Canada Post Corporation
It Can Deliver
Publisher: Campaign for Improved Postal Service, Canada
Year Published: 1986
Resource Type: Book
Cx Number: CX3286
Abstract: Several unions collaborated in the production of this pamphlet, including the Canadian Labour Congress, the Canadian Postmasters and Assistants Association, the Canadian Union of Postal Workers, the Letter Carriers' Union, and the Union of Postal Communications Employees. It argues that the post office is in danger of being destroyed by federal government policies, with cutbacks in service and the contracting out of operations combining to undermine the ability of the Post Office to provide service to all Canadians.

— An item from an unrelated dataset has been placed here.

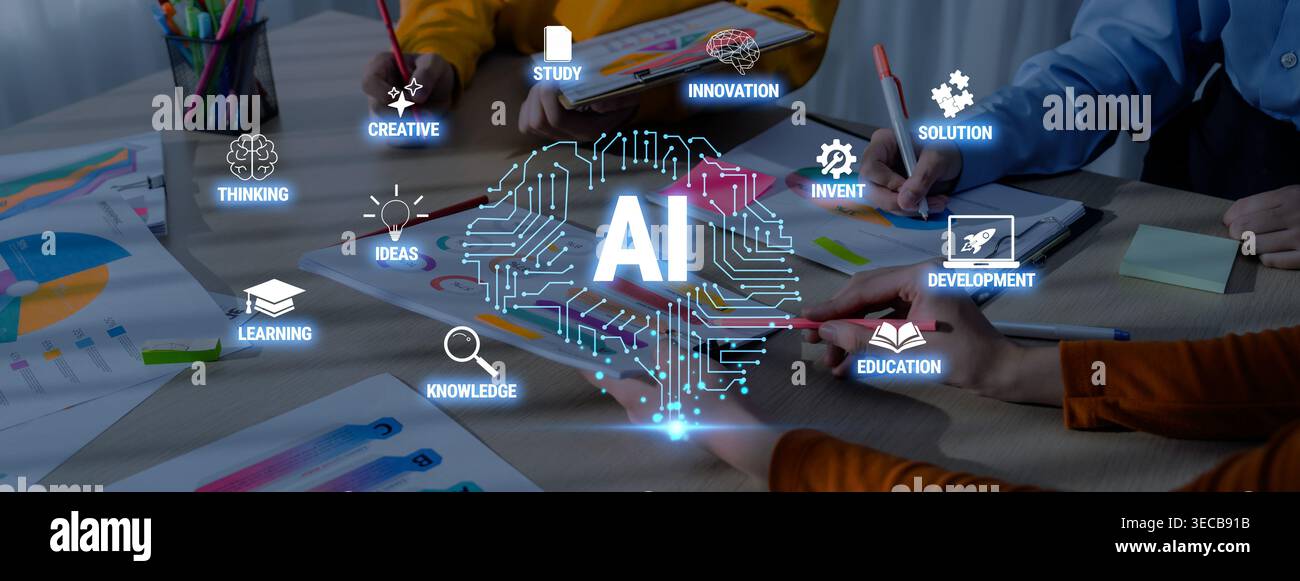 Sessione di brainstorming creativo incentrata sullo sviluppo dell'intelligenza artificiale con mani diverse, che elabora idee innovative su carta in collaborazione Foto Stock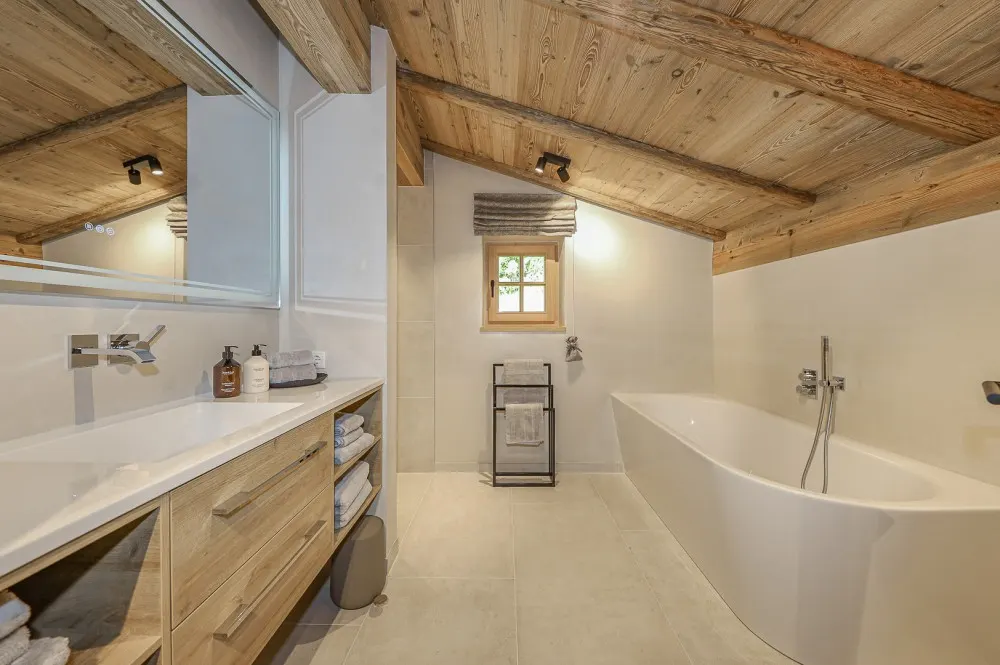 KITZIMMO-Luxusvilla in Toplage am Sonnberg kaufen - Immobilien Kitzbühel.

It notes that the establishment of financial self-sufficiency as the number one priority of Canada Post Corporation has meant a 100 per cent increase in postal rates for the public between January 1, 1982 and June 24, 1985. (Further increases have since been instituted.) The drive to achieve self-sufficiency at all costs has meant not only much higher prices but cutbacks in services. More households go without door-to-door delivery; most rural Canadians now go without six day delivery; post offices have been closed; mail is slower; local street letter boxes have been greatly reduced in number and pick-ups have been decreased, and second deliveries for businesses have been eliminated.
The post office unions suggest an alternative program which would make improved service the number one priority of Canada Post: All urban communities with 2,000 points of call should automatically receive five day door-to-door delivery. There should be no deadline for the achievement of financial self-sufficiency. Increasing revenues should replace reducing costs as the primary means of reducing the deficit. There should be an immediate moratorium on the closure of Post Offices and elimination of rural routes. The government should permit Canada Post to expand into package distribution services and electronic bulk mail. There must be adequate staffing to provide service. A major initiative should be taken to reduce work injuries and illnesses at the Post Office, which has one of the worst safety records in the country. Contracted services, such as sub post offices and cleaning should be contracted in.
The pamphlet calls on Canadians to lobby their members of Parliament and government officials to implement these changes.